Artist and historian Mahmood Farooqi says that one possible reason why no serious crimes occurred at that time was that people had become deeply intimidated by the British, who continued to run a an iron-fisted rule in the years after the revolt.
Men, women and children were brutally massacred. Many were forced to leave Delhi forever and move to the surrounding countryside, where they lived the remaining years in abject poverty. And a few of those, who managed to remain within the city walls, had to live under the constant threat of getting shot or being hanged to the gallows. "This was a time of carnage. People were terrorised and brutalised so much that they bore its trauma for years."
The Indian peasants who fought British rule
Mr Farooqui adds that unlike other cities such as Kolkata (formerly Calcutta) where modern policing had already taken shape, Delhi continued to run on a unique, "a purana, or old" system of policing, laid under the Mughal rule, which was hard to dismantle and replace completely. "So discrepancies or gaps in records are not entirely out of question."
The records, which lie in the Delhi Police Museum, were discovered sometime last year.

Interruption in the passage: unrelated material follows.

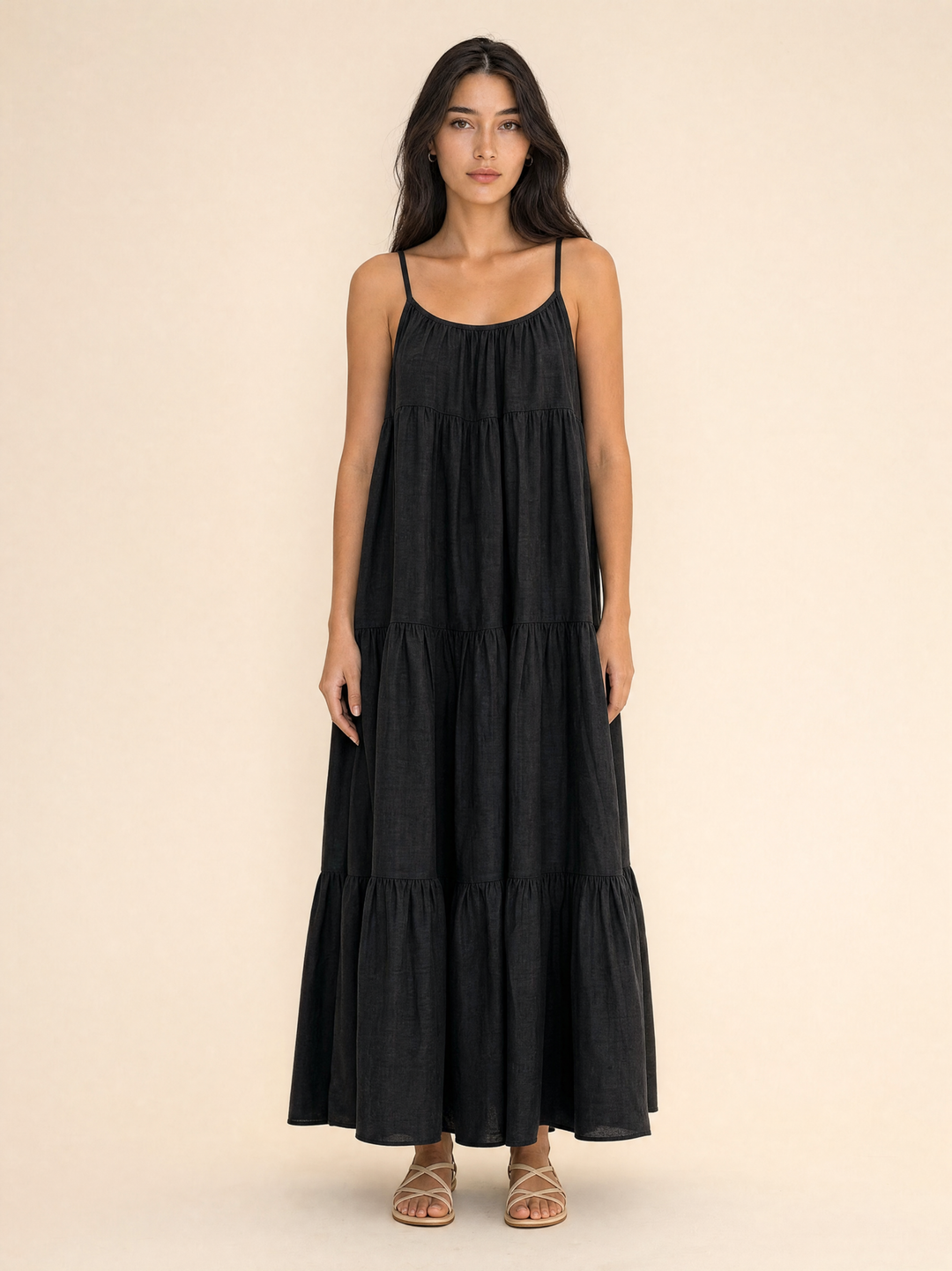 Adjustable Tiered Linen Maxi Dress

Mr Kalkal, who was in-charge of the research and preservation of the museum's artefacts, said he found them while he was browsing through the musty old archives one fine day. "I saw hundreds of FIRs lying in obscurity. When I read them I realised how its format has remained unchanged even after 200 years."
Mr Kalkal says he too was struck by the innocuous nature of the offences, a time when stealing objects like cigars, pyjamas and oranges was "the worst imaginable thing".
But the fact that relatively benign crimes were being reported to the cops does not necessarily mean that a lot of heinous crime weren't already happening - Mr Kalal suspects the first case of homicide would've surfaced as early as 1861 itself, when an organised form of policing was established by the British under the Indian Police Act.
"Finding murder cases was not the focus of our research but I am sure they are there, somewhere," he says.
In many complaints, the outcome of the case is marked as "untraceable", suggesting that the culprit was never caught. But in several other, such as Khan's case, swift punishment appears to have been delivered with severity ranging from whippings, beating with canes to a few odd weeks or months of jail time.
One such crime took place at the city's most graceful grande dame, the 233-room Imperial Hotel, in 1897. A chef from the hotel was sent to the Sabzi Mandi police station with a "complaint letter in English" stating that a band of thieves, in an act of unimaginable travesty, had nicked a liquor bottle and a pack of cigars from one of the rooms. The hotel announced a handsome reward of 10 rupees for catching the men. But the case turned cold and could never be solved.
"Today, crimes have become so sophisticated that it takes months and years to solve them. But life was much simpler back then, you either cracked a case or didn't," Mr Kalkal says.
Mr Kalkal's team couldn't be happier about the compilation but he says the initial process of translation was hardly delightful. The difficulty of reading the Urdu shikasta script wore him down on multiple occasions and for cracking that, his team had to seek the skill and persistence of Urdu and Persian scholars and maulvis brought in from every corner of the city.
"But we always knew the effort was worth it," he says.
He was particularly charmed by one passage which described a police officer's annoyance after he was forced to park his "vehicle" - his beloved horse - out in the heat while investigating a theft case.
"The details really make you wonder how far we've come, isn't it?"